The Ovaries Play a Crucial Role in Menopause After Hysterectomy
AUTHOR: Bethany Holson
Although many women know it is common to experience a premature onset of menopause after hysterectomy, many are unaware that the relationship between the two is quite complex. Surgical removal of the uterus, cervix, and ovaries can each affect the speed and degree of symptoms of menopause after hysterectomy.
Oophorectomy and Estrogen Deficiency
In particular, the decision to conserve one or both ovaries during a hysterectomy should be given careful consideration and discussed in depth with the treating physician. An oophorectomy (removal of the ovaries) results in the rapid loss of estrogen normally produced by the ovaries. Symptoms commonly associated with menopause may set in within days of surgery due to estrogen deficiency.
Along with estrogen deficiency symptoms such as hot flashes and night sweats, after an oophorectomy women also face an increased risk of osteoporosis. For symptom relief and protection against bone loss, HRT is often commenced following surgery. HRT itself may be associated with specific health risks under certain circumstances, and for some patients other avenues for estrogen deficiency treatment will have to be pursued.
Estrogen Deficiency Without Oophorectomy
Conserving one or both ovaries at the time of surgery may be beneficial to women in more ways than one, particularly if they are well in advance of the average age of menopause onset (51 years). Ovaries left in tact continue to produce estrogen typical of the menstrual cycle even in the absence of monthly periods. This estrogen protects against osteoporosis, and the premature onset of uncomfortable menopause symptoms may be avoided.

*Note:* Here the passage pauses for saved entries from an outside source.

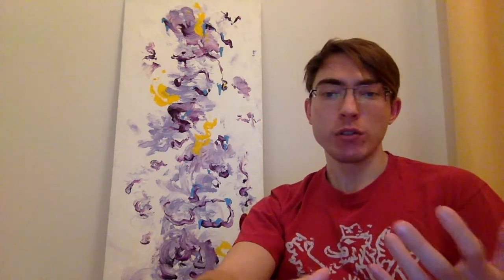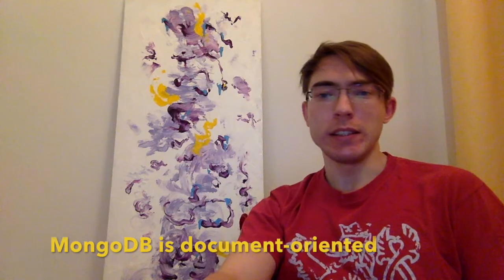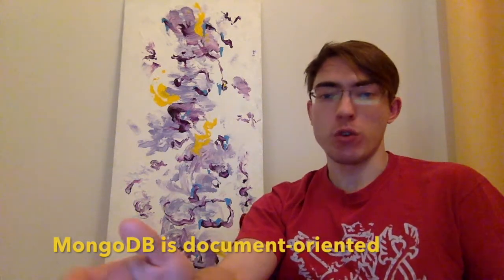What should be mentioned at the start is that the idea behind them is completely different. For DynamoDB, it's a key-value storage, somehow closer to Redis, but with different set of features. And for MongoDB, it's just a document-oriented store, so they both are NoSQL, but different approaches.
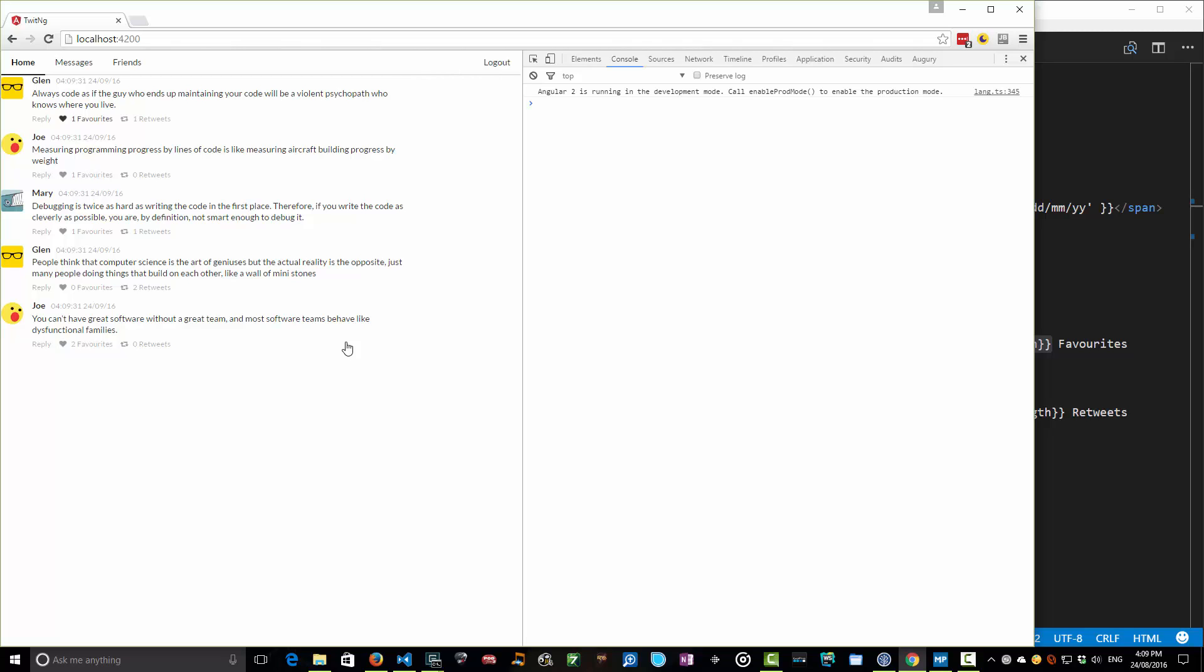Favorites. Yeah, that's gone to one. Favorites, two, three, four, five. Retweets. Rocking it. Look at that. That is amazing. So we've got that happening.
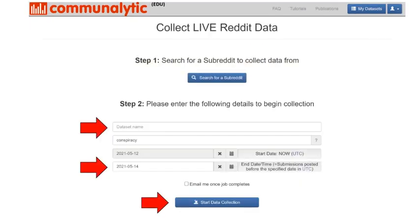Once you decide on what subreddit to study, name your dataset and select the time range of data collection. The Communalytic EDU subreddit Live Data Collector can collect up to 100 most recent submissions and any new submissions, including the corresponding comments and replies to comments, from a given public subreddit for up to seven consecutive days going forward, starting from the date when you initiated the data collection. Please also note that comments to Reddit submissions and replies to comments are only collected at the end of the specified data collection period.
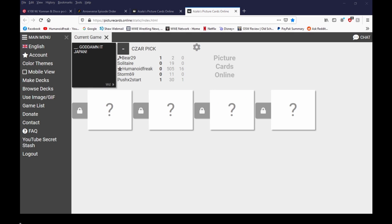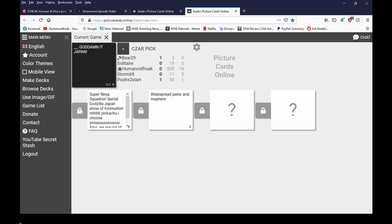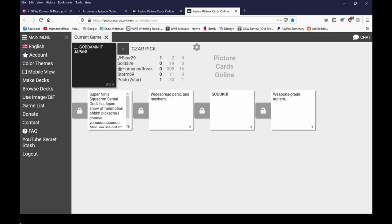God damn it Japan. My discord I froze it ninja squadron sentai godzilla japan show up. Pikachu I choose you also we're out of milk god damn it Japan. Widespread panic and mayhem god damn it Japan. Sudoku god damn it Japan. Weapon tornado. I think we gotta give it to sudoku.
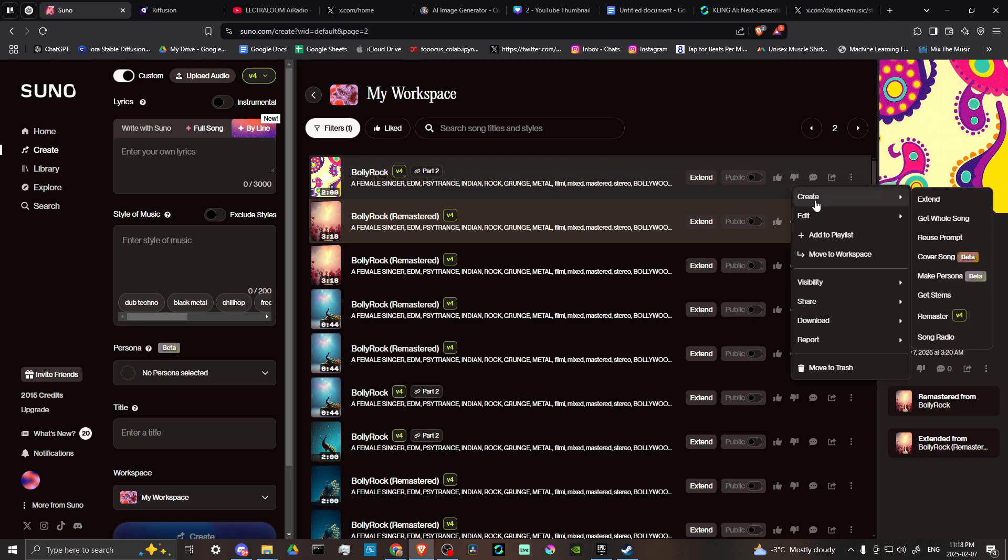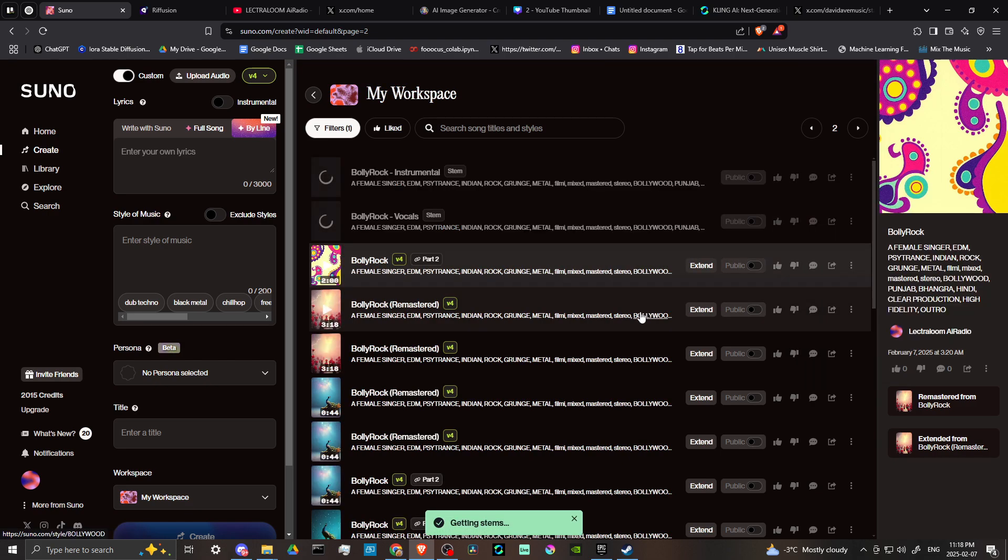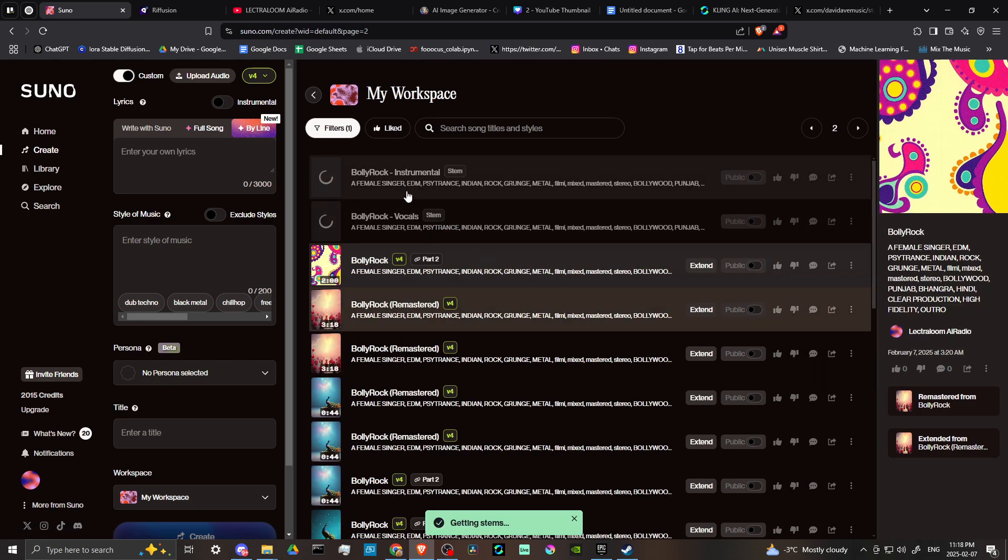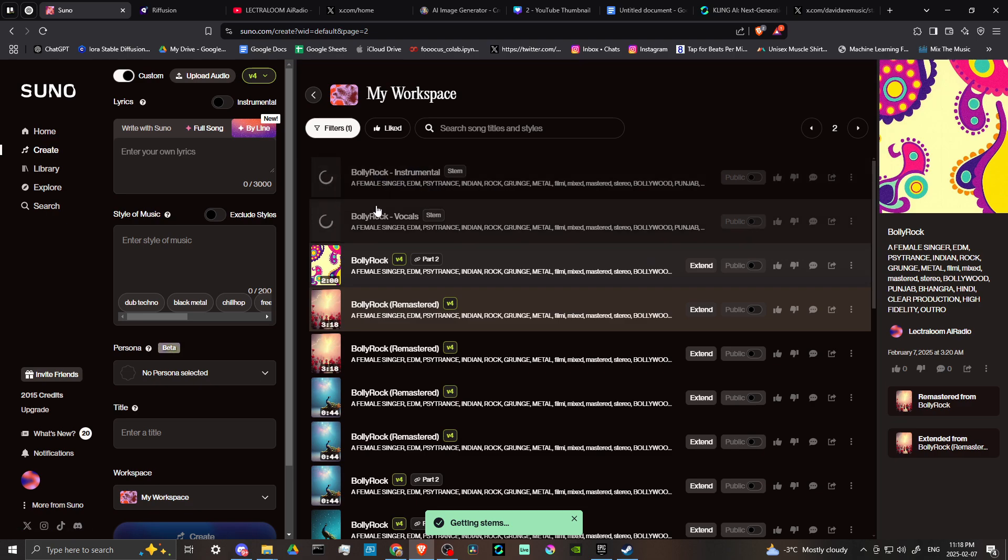that, then what we're looking for here is under Create and the option that says Get Stems. So I'm going to go ahead and click Get Stems here, and you can see now that Suno is going to separate our instrumentals from our vocals.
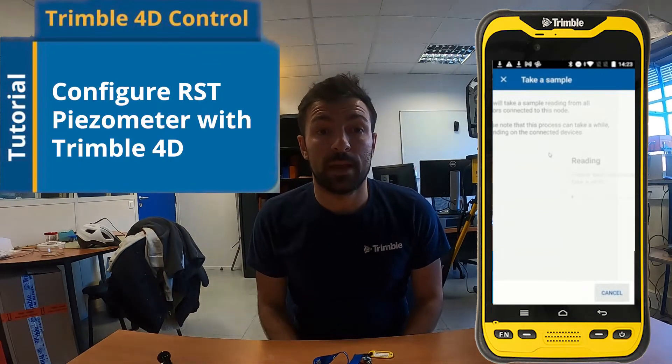Hello everyone. Today I want to present how to use a vibration wire datalogger, Trimble branded, with a piezometer connected together and sending data through the gateway.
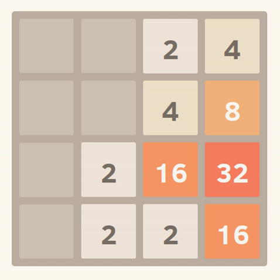If two tiles of the same number collide while moving, they will merge into a tile with the total value of the two tiles that collided. The resulting tile cannot merge with another tile again in the same move. Higher scoring tiles emit a soft glow. A scoreboard on the upper right keeps track of the user's score, which starts at zero and is incremented whenever two tiles combine, by the value of the new tile.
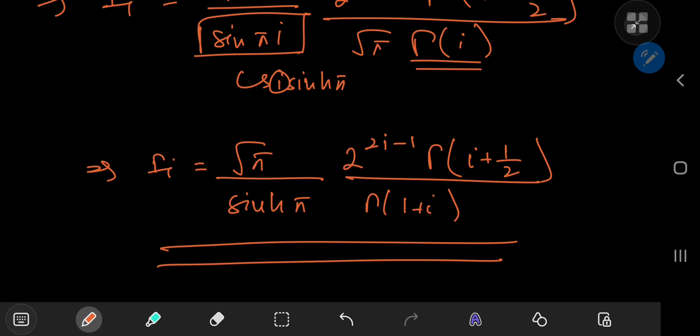Let me know in the comments if you find any more awesome-looking results for this integral. I hope you enjoyed the video — be sure to like and subscribe. See you next time.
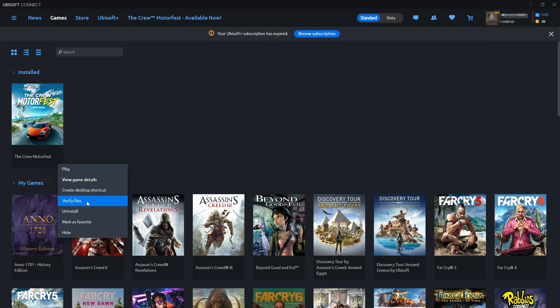Once you've clicked on that, Ubisoft Connect will attempt to repair any files if they become corrupted or missing. Once that's finished, go ahead and launch the game and see if that helped.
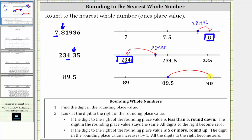When rounding to the nearest whole number or the one's place value, using the formal rules, we first locate the nine in the one's place value. Notice we have a five to the right. Because five is five or more, we round up. To round up, the digit in the rounding place value increases by one. Because we have a nine, nine plus one is 10 — we perform an exchange. 80 plus 10 is 90, or we can just think 89 plus one is 90. I hope you found this helpful.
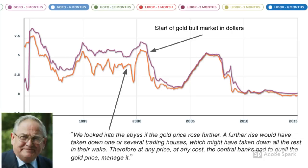And then a year later, we heard a similar sentiment echoed by Eddie George, then governor of the Bank of England. He said, "We looked into the abyss if the gold price rose further. A further rise would have taken down one or several trading houses, which might have taken down the rest in their wake. Therefore, at any price, at any cost, the central banks had to quell the gold price, manage it." So this establishes the willingness of central banks to step in as the gold lender of last resort. If private gold holders decide they are not going to bid for dollars — either because they have lost faith in the currency, because they have lost faith in the paper system to return their gold, or simply because they find the interest rate on the dollar loan to be unattractive — then the central banks are the only ones with enough gold available and lack of economic incentive to step in.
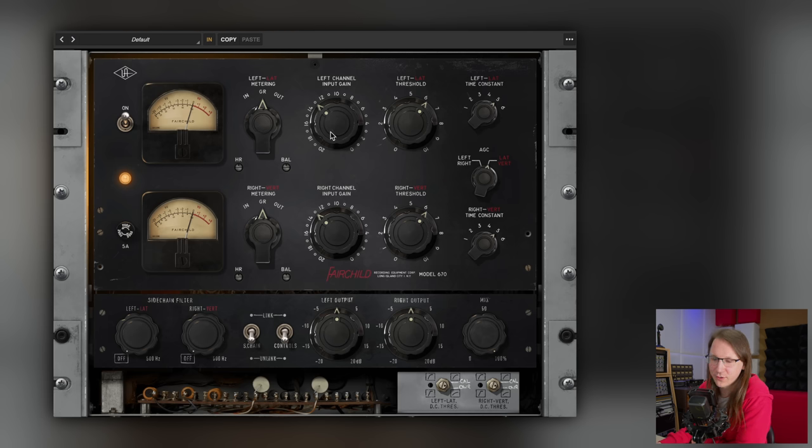The sidechain filter was added by Universal Audio to make life easier. It can be used in both Left/Right and Lat/Vert mode and filters out the low frequencies from the sidechain, meaning the compressor no longer responds to low frequencies. This can really help when processing bass-heavy music, keeping the compressor from pumping in response to the bass.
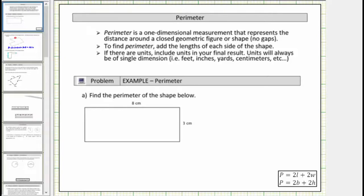Welcome to a lesson on perimeter. In this lesson we will determine the perimeter of various polygons. Perimeter is a one-dimensional measurement that represents the distance around a closed geometric figure or shape. To find the perimeter we add the lengths of each side of the shape. If there are units, we include units in the final result.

It is also possible that ovaries left in tact will fail to function properly or will prematurely stop producing estrogen following a hysterectomy. In some cases, the ovaries fail immediately; alternatively, it may take 1 to 2 years before estrogen production stops. In either case, symptoms of estrogen deficiency may or may not be apparent. Testing when failure is not apparent should be done annually following a hysterectomy if the ovaries are left in tact. The risk of osteoporosis is present at the time of ovarian failure regardless of the presence of symptoms, and HRT can play a crucial role in protecting against bone loss.
Decisions about the type of hysterectomy to be performed are usually dictated by the condition precipitating it, family history, and the patient’s past medical history. But in many cases, a woman does have some choice about the extent of the removal of reproductive organs. An understanding of the relationship between the function of these organs and the onset of menopause can help guide the decision making process.